Explosion in 2020: Our Year in Review

· by Matthew Honnibal, Ines Montani & Walter Henry· ~10 min. read

While 2020 hasn’t been easy for anyone, at Explosion we’ve considered ourselves relatively fortunate in this most interesting year. We’ve always worked remotely, so we’ve been able to take both pride and comfort in continuing to ship good software. Here’s a look back at what we’ve been up to.

January

year in review 2020 jan
  • 🔮 Jan 28: 2020 started with a big release: the alpha of Thinc v8.0, a lightweight deep learning library that offers an elegant, type-checked, functional-programming API for composing models, with support for layers defined in other frameworks such as PyTorch, TensorFlow or MXNet.

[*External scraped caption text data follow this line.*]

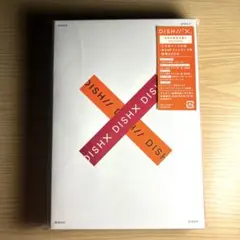 DISH// X 初回限定盤A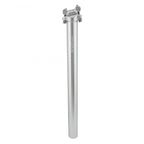 Origin8 Pro-Fit Alloy Seat Post, 27.2 X 400Mm, Silver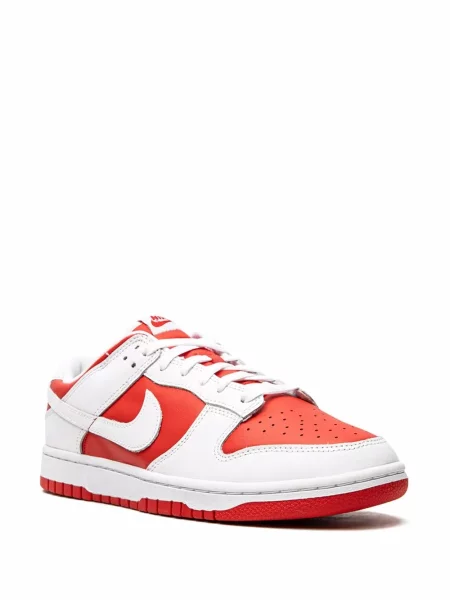 Tenisky Nike Dunk bílé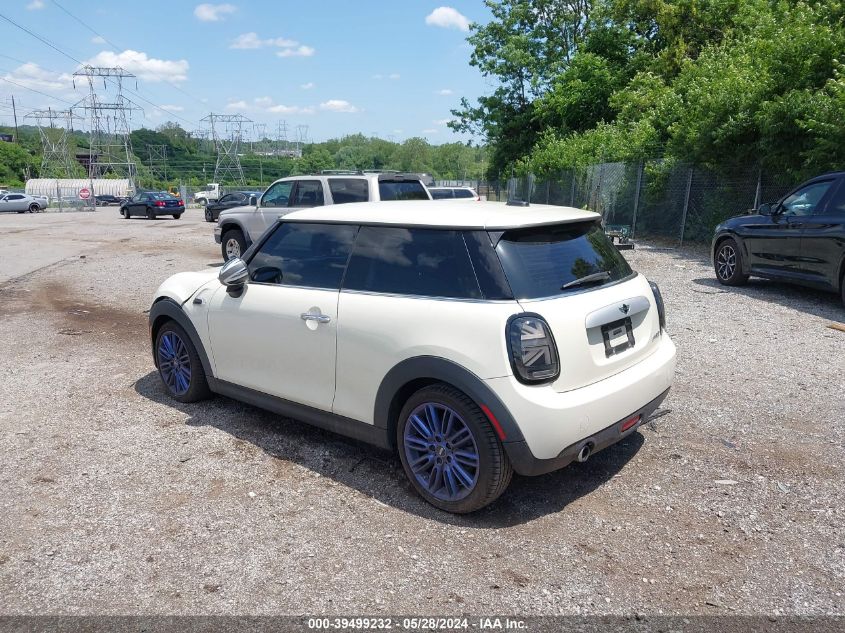 2014 Mini Hardtop Cooper VIN: WMWXM5C58ET934935 Lot: 39499232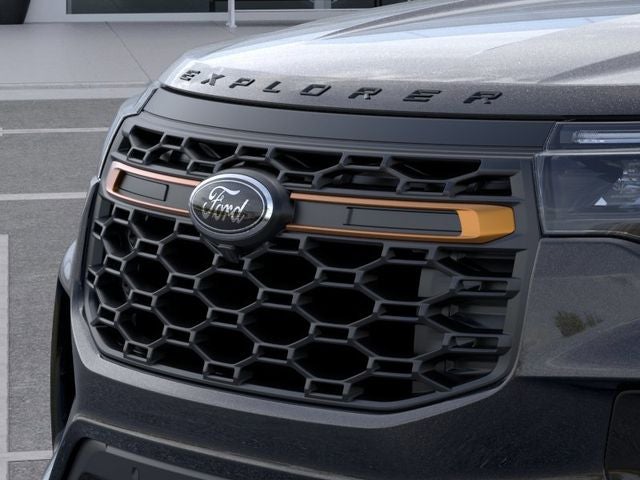 2026 Ford Explorer Tremor®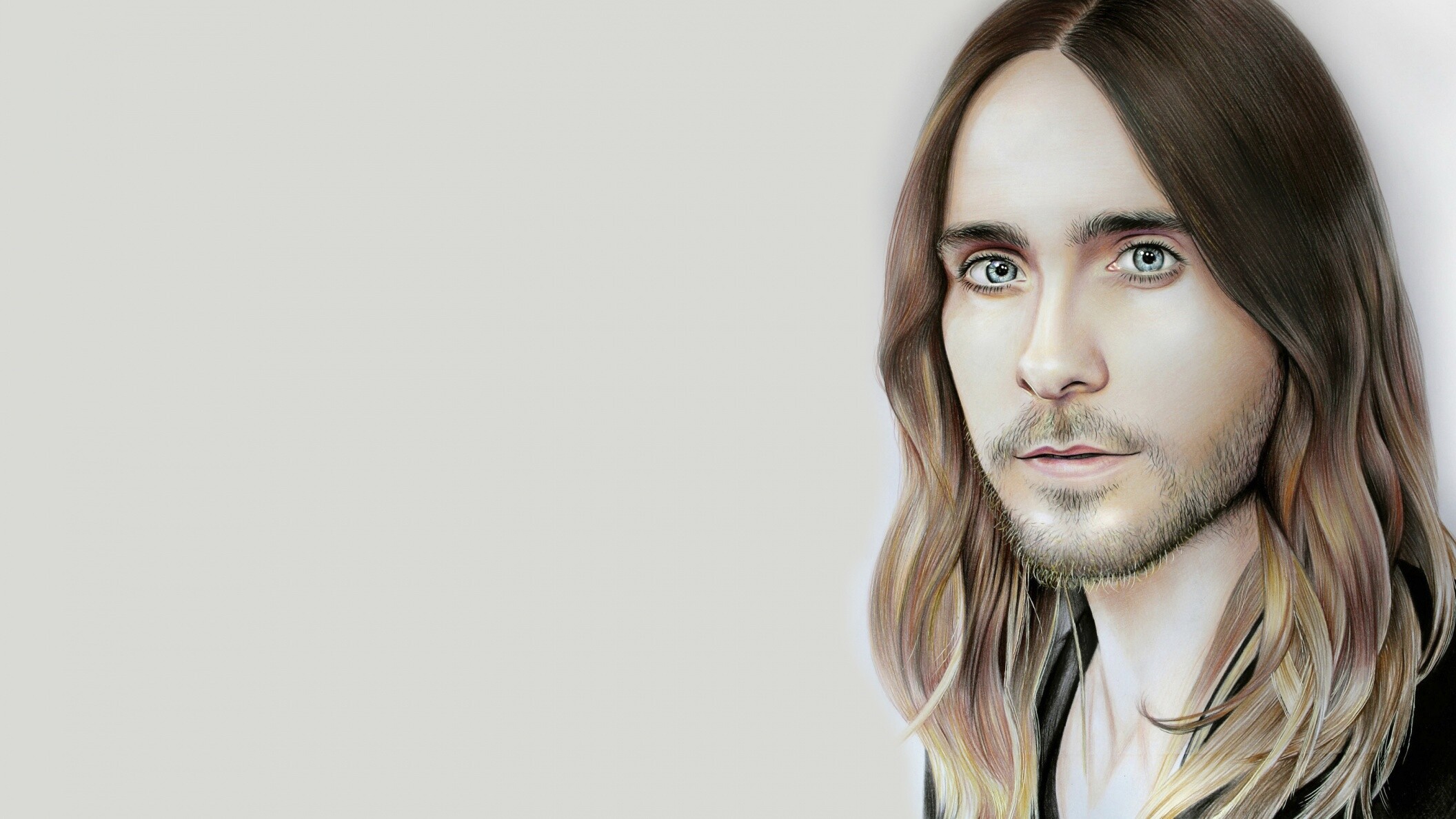 Jared Leto: An accomplished actor and musician, Requiem for a Dream. 2120x1190 HD Background.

Thinc was re-written from the ground up to support some of the new workflows coming to spaCy v3.0, including a flexible training configuration system and the ability to plug in model implementations written in any framework.

February

year in review 2020 feb
  • 🎤 Feb 8: In February, Matt and Ines were invited to PyCon Colombia in Medellín – thanks to the team for organizing such an awesome event! Ines presented a keynote titled “The Future of NLP in Python” about how new Python tooling and advancements in Natural Language Processing help with closing the gap between prototype and production, making it easier to ship powerful natural language understanding pipelines.
  • 📺 Feb 8: At PyCon Colombia, Ines was also interviewed by Karolina Ladino and they talked the history of spaCy, and how to get into programming, machine learning and NLP.

March

year in review 2020 mar
  • 📺 Mar 2: March started with a new episode of Vincent Warmerdam’s popular video series, “Intro to NLP with spaCy”. In this episode, he explored the processing pipeline and trained a simple NER model to detect programming languages.
  • 📺 Mar 16: Ines published an end-to-end video tutorial showing how to use our annotation tool Prodigy to train a named entity recognition model from scratch, by taking advantage of semi-automatic annotation and modern transfer learning techniques.
  • 💻 Mar 20: Sebastián released Typer, a library for building modern CLIs, powered by Python type hints. We’ve been using it extensively in our projects ever since!
  • 📺 Mar 24: In the next Prodigy tutorial video, Ines showed how to build fully custom annotation workflows and UIs for image captioning, and how to plug in a simple PyTorch image captioning model. Also: cats! 😺
  • 📻 Mar 30: Towards the end of the month, Matt joined the Podcast.__init__ podcast again and discussed Explosion’s developer tools stack and what’s next for spaCy, Thinc and Prodigy.

April

year in review 2020 apr
  • 🏫 Apr 21: In April, we released the first translation of the free spaCy online course, Modernes NLP mit spaCy, featuring German instructions and text examples.
  • 📻 Apr 26: Ines was also invited as a guest on the Chai Time Data Science podcast and talked about her NLP journey, spaCy and Prodigy, open-source development, and tattoos.

May

year in review 2020 may
  • 🏫 May 6: May started off with a Japanese translation of the free spaCy online course: spaCy を使った先進的な自然言語処理. Special thanks to Yohei Tamura!
  • 📺 May 7: A day later, Sofie released an end-to-end video tutorial showing how to train your own custom Entity Linking model with spaCy to disambiguate different mentions of a person name to unique identifiers in a knowledge base, and how to create your own training data from scratch.
  • 🏫 May 11: ¡Hola! The free spaCy online course was released in Spanish, complete with Spanish text examples: NLP avanzado con spaCy. Thanks to Camila Gutierrez!
  • 📺 May 14: May featured even more additions to the free spaCy course: Ines recorded video versions in English and German that you can view as standalone lessons on YouTube, or watch as part of the interactive online course.

June

year in review 2020 jun
  • 📺 Jun 13: June saw another new episode of Vincent Warmerdam’s “Intro to NLP with spaCy” series. In this episode, he digs deeper into the performance of the NER model he trained, using a rule-based classifier to probe for errors and improve the training data.
  • 💫 Jun 16: We also released spaCy v2.3, which added trained pipelines for Chinese, Japanese, Danish, Polish and Romanian, updated all 15 model families with word vectors and improved accuracy, while also decreasing model size and loading times for models with vectors.
  • Jun 16: Prodigy got a big upgrade in June with the release of v1.10.0. The version includes a bunch of new features, interfaces and recipes for dependency and relation annotation, audio and video annotation, as well as a new and improved manual image annotation interface with support for editing shapes and bounding boxes.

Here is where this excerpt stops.